By Sandy Plone, Ph.D.
I ask this question because it has recently come to my attention as clients (and myself privately) think back to parental interactions that seemed unusual at the time. When viewed through the lens of more adult wisdom, these interactions seemed full of meaning.
Some examples: One client recalls one set of parents using endearments when addressing one another (“honey, dear, sweetie”) yet the underlying tone revealed anger and hostility. In other words, the “music” revealed the truth behind the words. He felt confirmed when that couple finally separated in their later years. He had always felt that their marriage was a “LIE”; he had left home at the age of seventeen in part because of that discomfort. Also, he always felt ambivalent towards his parents.
Conversely, I personally have indelible memories of one pair of my aunts and uncles who had also been married for many years. My aunt had been very pretty, though heavy-set as a young woman. I recall finding some lovely books that my uncle had given my aunt when they were courting. These books were inscribed with beautiful love notes, as he was highly educated and could verbalize his thoughts beautifully. And in later years unfortunately my aunt became obese. My clear memory is a visit when we all had a meal together: my uncle looked across the table with a kind, loving expression on his face and said: “I have to tell you Rosa, that I am still in love with you!”
I never forget that moment, although my cousin (their daughter—a few years older than myself) took little notice of that moment. When she and I spoke in later years, she apparently was aware that her parents got along well, but would feel uncomfortable when they got “too mushy”, as compared to my appreciation for their abiding affection.
Another clear very early memory for me is when I was quite surprised when my parents pulled a bed down out of the wall! Well, this was many decades ago when wall-beds were popular, especially in a small one-bedroom apartment during the Depression. Since I, as a child, slept in the only bedroom, I had never seen the wall-bed before. The pertinent issue is that I (at about three years old) perceived my father’s discomfort when I saw and became curious. I recalled that obvious discomfort, and could make sense of it as an adult, especially as a trained psychologist. It was likely his discomfort about their sexual relationship when his young daughter questioned the existence of a marital bed. As an immigrant with English as a second language may have felt both inhibited and embarrassed.

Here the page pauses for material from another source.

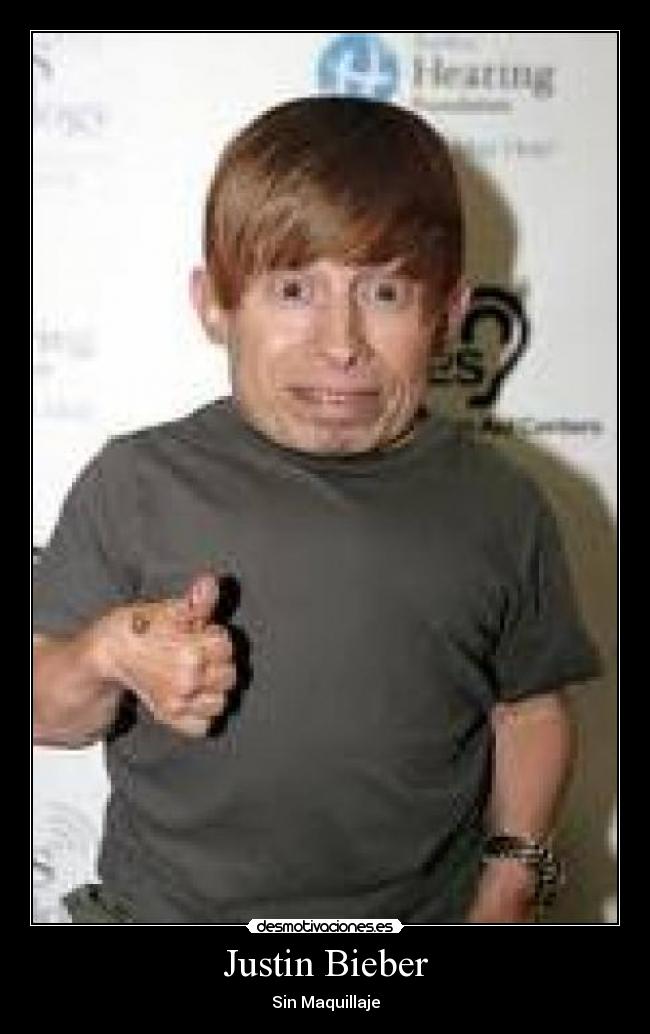 Justin Bieber -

These examples illustrate how children, even very young ones, can have some sense of what is being truly exchanged between their parents. Being aware of this and careful about communicating between partners is quite important, as our kids often come to know more than we might think they do. Psychologists with IPN often help parents consider these subtleties in their family interactions, in the hopes of benefitting family relationships and the development of their children.